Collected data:

»»

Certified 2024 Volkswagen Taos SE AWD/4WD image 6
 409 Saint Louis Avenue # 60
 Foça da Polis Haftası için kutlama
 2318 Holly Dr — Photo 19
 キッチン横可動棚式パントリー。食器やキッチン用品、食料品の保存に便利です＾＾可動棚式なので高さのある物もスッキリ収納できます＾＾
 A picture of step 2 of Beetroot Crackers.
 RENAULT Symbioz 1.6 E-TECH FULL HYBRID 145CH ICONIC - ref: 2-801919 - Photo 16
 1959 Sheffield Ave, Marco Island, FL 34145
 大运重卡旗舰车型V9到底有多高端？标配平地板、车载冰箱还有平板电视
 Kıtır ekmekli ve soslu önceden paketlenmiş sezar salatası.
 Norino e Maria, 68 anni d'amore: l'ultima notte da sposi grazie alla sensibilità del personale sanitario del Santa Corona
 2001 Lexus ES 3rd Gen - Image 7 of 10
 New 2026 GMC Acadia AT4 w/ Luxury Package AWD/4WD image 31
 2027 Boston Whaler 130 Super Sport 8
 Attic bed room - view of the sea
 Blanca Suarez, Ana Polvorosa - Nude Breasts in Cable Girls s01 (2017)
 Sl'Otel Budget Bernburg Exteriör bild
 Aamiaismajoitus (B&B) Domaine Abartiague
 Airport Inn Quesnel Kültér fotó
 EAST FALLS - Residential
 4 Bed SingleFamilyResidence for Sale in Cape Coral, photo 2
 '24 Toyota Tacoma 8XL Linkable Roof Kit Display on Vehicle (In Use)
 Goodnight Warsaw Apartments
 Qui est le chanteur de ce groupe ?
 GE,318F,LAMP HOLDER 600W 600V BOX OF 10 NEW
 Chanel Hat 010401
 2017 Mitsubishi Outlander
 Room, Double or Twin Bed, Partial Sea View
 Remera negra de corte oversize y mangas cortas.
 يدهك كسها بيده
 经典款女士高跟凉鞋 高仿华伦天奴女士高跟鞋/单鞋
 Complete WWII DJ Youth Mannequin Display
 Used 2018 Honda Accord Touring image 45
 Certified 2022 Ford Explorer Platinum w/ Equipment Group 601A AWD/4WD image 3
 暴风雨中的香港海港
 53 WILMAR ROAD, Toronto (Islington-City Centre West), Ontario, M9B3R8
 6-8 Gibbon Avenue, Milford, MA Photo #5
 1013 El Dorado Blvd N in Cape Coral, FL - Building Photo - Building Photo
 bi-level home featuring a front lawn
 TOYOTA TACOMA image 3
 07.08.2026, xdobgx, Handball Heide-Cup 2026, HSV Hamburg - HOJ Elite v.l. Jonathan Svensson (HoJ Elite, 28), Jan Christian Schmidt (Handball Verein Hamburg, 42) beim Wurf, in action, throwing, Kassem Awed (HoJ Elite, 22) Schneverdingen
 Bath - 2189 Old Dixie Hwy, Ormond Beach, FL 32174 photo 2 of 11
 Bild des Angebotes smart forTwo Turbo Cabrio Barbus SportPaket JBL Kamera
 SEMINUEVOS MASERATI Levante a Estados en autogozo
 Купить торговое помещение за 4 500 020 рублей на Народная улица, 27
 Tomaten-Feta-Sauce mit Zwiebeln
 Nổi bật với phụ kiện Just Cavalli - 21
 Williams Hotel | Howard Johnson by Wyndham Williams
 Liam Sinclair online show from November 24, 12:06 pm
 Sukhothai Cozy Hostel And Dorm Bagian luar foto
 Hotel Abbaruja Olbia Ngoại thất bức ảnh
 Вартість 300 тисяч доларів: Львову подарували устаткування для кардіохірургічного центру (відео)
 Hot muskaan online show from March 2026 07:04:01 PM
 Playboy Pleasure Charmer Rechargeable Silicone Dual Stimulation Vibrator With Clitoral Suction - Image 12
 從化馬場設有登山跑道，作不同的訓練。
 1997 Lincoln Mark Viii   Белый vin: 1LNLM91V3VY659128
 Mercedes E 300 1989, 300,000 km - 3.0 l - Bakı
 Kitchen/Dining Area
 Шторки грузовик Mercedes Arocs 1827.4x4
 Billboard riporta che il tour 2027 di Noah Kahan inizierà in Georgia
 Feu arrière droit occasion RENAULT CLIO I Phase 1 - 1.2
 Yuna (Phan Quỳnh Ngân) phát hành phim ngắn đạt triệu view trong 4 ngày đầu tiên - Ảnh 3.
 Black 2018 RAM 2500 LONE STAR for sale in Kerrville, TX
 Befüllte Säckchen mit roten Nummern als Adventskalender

««

### ACTIVITY
Return only the part of the records above that opens with the line containing "GE,318F,LAMP HOLDER 600W 600V BOX OF 10 NEW" and closes with the line containing "Used 2018 Honda Accord Touring image 45", ends included.

### ANSWER TO THE PROBLEM
 GE,318F,LAMP HOLDER 600W 600V BOX OF 10 NEW
 Chanel Hat 010401
 2017 Mitsubishi Outlander
 Room, Double or Twin Bed, Partial Sea View
 Remera negra de corte oversize y mangas cortas.
 يدهك كسها بيده
 经典款女士高跟凉鞋 高仿华伦天奴女士高跟鞋/单鞋
 Complete WWII DJ Youth Mannequin Display
 Used 2018 Honda Accord Touring image 45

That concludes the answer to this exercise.